It’s tough. But it’s even tougher when you become a team owner, and you are the driver. These combinations are a rare breed in the pro ranks of American motorsports. Drivers who not only have to work on success on the track, but success with the team that puts them there.

In the NHRA two teams owned by drivers, Ron Capps, and Antron Brown, are officially less than three years old. But they have been years in the making and are, so far, on track to success.

Ron Capps is a three-time NHRA Top Fuel Funny Car champion. The California native grew up around the sport, helping his dad work on his race cars before graduating to become a crew member on a Top Alcohol dragster.

He moved to the driver’s seat of a Top Fuel dragster in 1995 on a team owned by Roger Primm. In his rookie year with the team, who only entered 14 races, Capps won his first NHRA national event title. That caught the attention of NHRA legend and Hall of Fame driver Don ‘The Snake’ Prudhomme who signed Capps to drive his Top Fuel Funny Car.

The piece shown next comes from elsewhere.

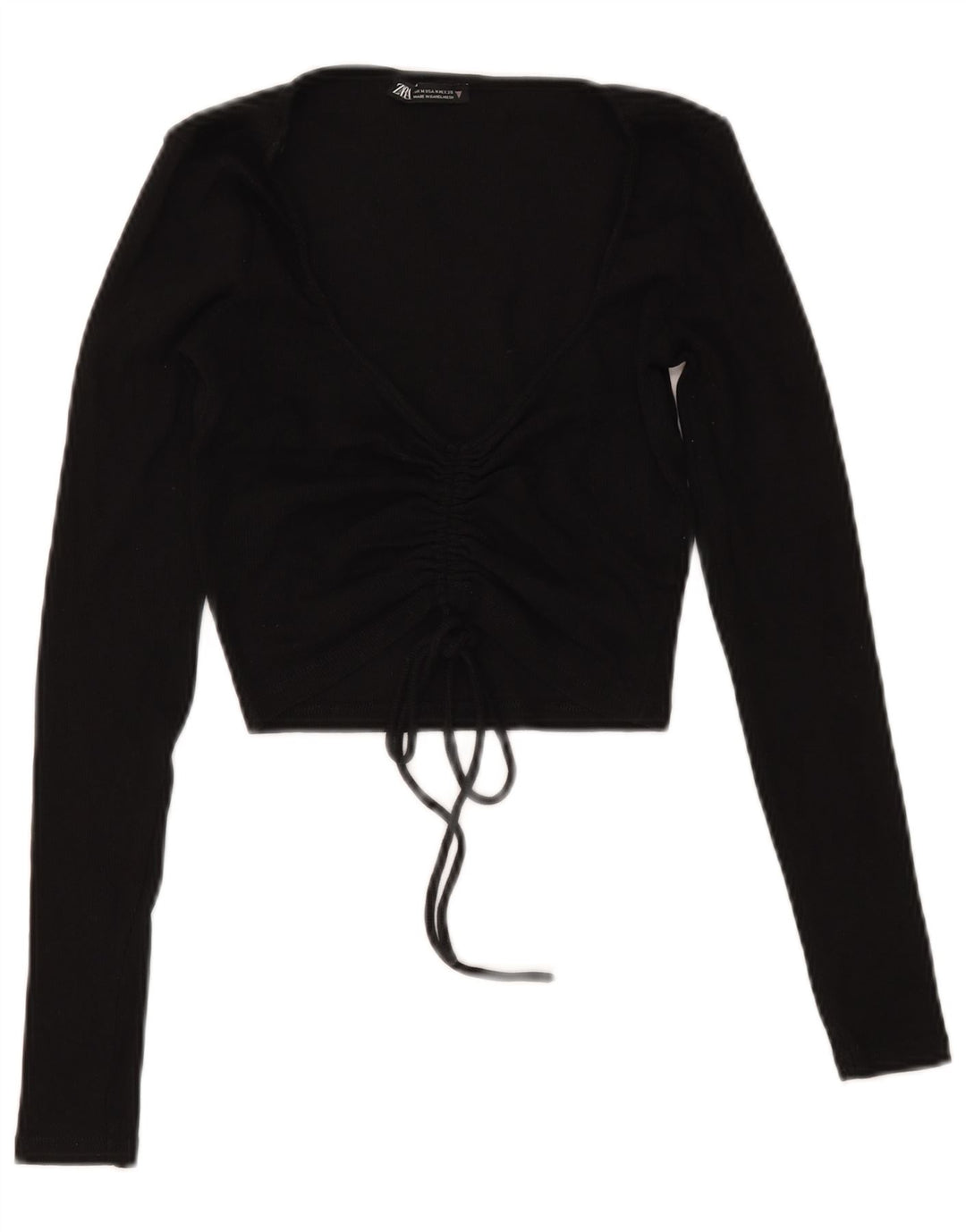 Zara Damen Crop Front Tie Top Langarm UK 12 Medium Schwarz Baumwolle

“I had never even sat in one,” Capps joked. “That was really being thrust into the rockstar sort of world of it; it wasn't just being hired by somebody else to drive…it's as deep as it gets. Right? Yeah. I mean, you're working for the sports legend. He had all the biggest sponsors.”

Capps would go on to race for Don Schumacher Racing starting in 2005 and would stay there until the end of the 2021 season when in a mic-drop moment, he announced shortly after winning his second NHRA title that he would leave Don Schumacher Racing for his own team starting in 2022.

And while it may have seemed a surprise to many, the truth is that Capps had already started putting the pieces together and the planning stages had been going on for quite some time.

“Don Prudhomme and then Don Schumacher are completely different types of owners,” he said. “I've always taken note and paid attention and always the ultimate goal was, the dream was, to be a team owner someday, to be the John Force or Connie Kalitta or Snake and all those guys.”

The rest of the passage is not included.